A música ao vivo começou, em grande, na sexta, com Bruno Pernadas e o seu colectivo, apresentando aquele que é um dos grandes álbuns deste ano, How Can We Be Joyful In A World Full Of Knowledge?, tratado de como conciliar diversos géneros (jazz, pop, rock, electrónicas ou psicadelismos), em momentos instrumentais de transe absoluto ou em canções oníricas de envolvimento sonhador.

Depois de um concerto excelente, em Lisboa, em Abril, no teatro Maria Matos, foi a segunda vez que Pernadas se apresentou em palco e o mínimo que se pode desejar é que o faça mais vezes. Esta música merece ser desfrutada ao vivo. De preferência, como em Viseu, ao luar, com calor e com a surpresa estampada no rosto de quem, pela primeira vez, tomava contacto com aquela sonoridade caleidoscópica.
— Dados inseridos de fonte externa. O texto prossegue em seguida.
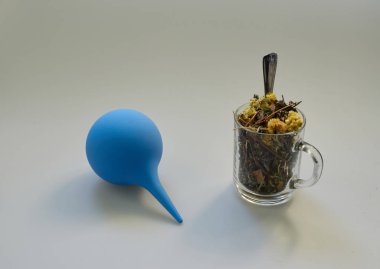 dry herbal tea from different forest herbs in a glass cup and blue syringe syringe on an isolated background. small spoon. towel clipart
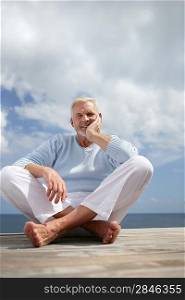 Grey haired man sat on jetty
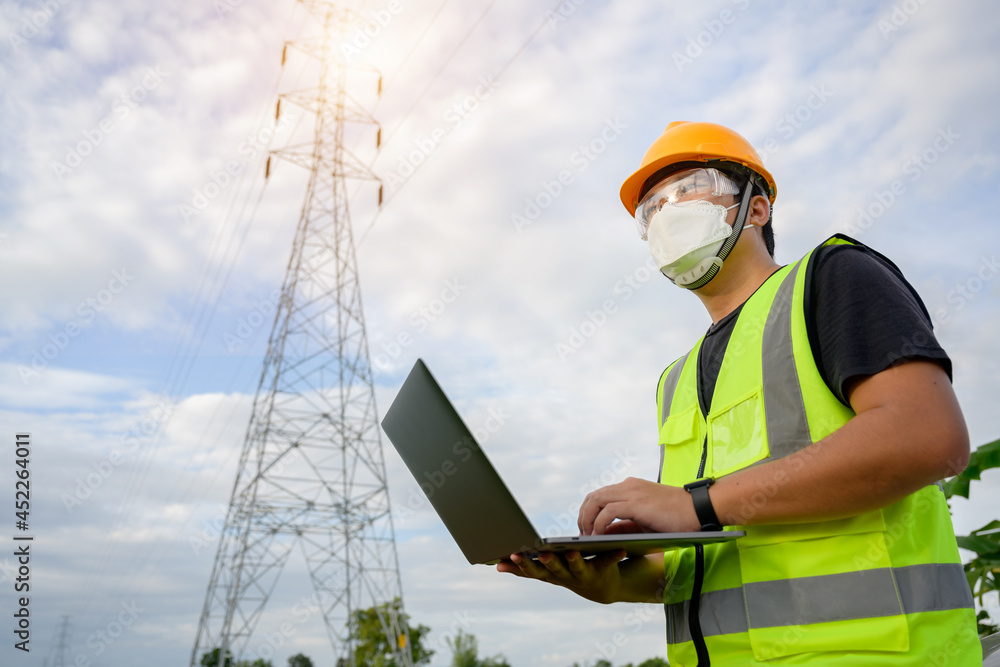 Asian male electrical engineer stands holding a laptop computer at a power plant running and plots to inspect high-voltage poles at a power station. Asian male electrical engineer stands holding a laptop computer at a power plant running and plots to inspect high-voltage poles at a power station.
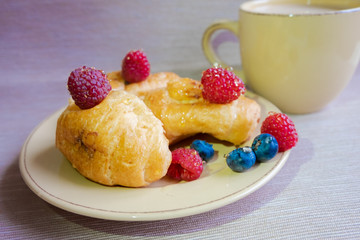 delicious summer juicy blueberry and raspberry berry with honey droplets on a fresh croissant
Mas o grande momento foi proporcionado por Nils Frahm. Com o monumental espaço da Sé de Viseu repleto – muitas pessoas não entraram – numa prova que o acontecimento já chama imensa gente de Lisboa e Porto. Tínhamo-lo visto há um mês no festival Sónar de Barcelona, mas assistir a uma performance para piano e teclados do alemão constituiu sempre uma revelação. Os telemóveis podem tocar ou disparar na sua direcção, mas tudo parece integrado na música hipnótica e encantatória, com ele, por vezes, recolhido e lírico, outras atacando o piano como se fosse um instrumento de percussão.

No final agradeceu ao bispo tê-lo recebido na sua casa e este retribuiu. E ambos devem estar agradecidos aos Jardins Efémeros por ter mostrado que pessoas de congregações muito diferentes se podem unir à volta da música, das artes, da cultura, da esperança. Até dia 20 ainda há muito ainda para ver e ouvir em Viseu com Dead Combo, Paus, Francisco López, Norberto Lobo ou Rauelsson.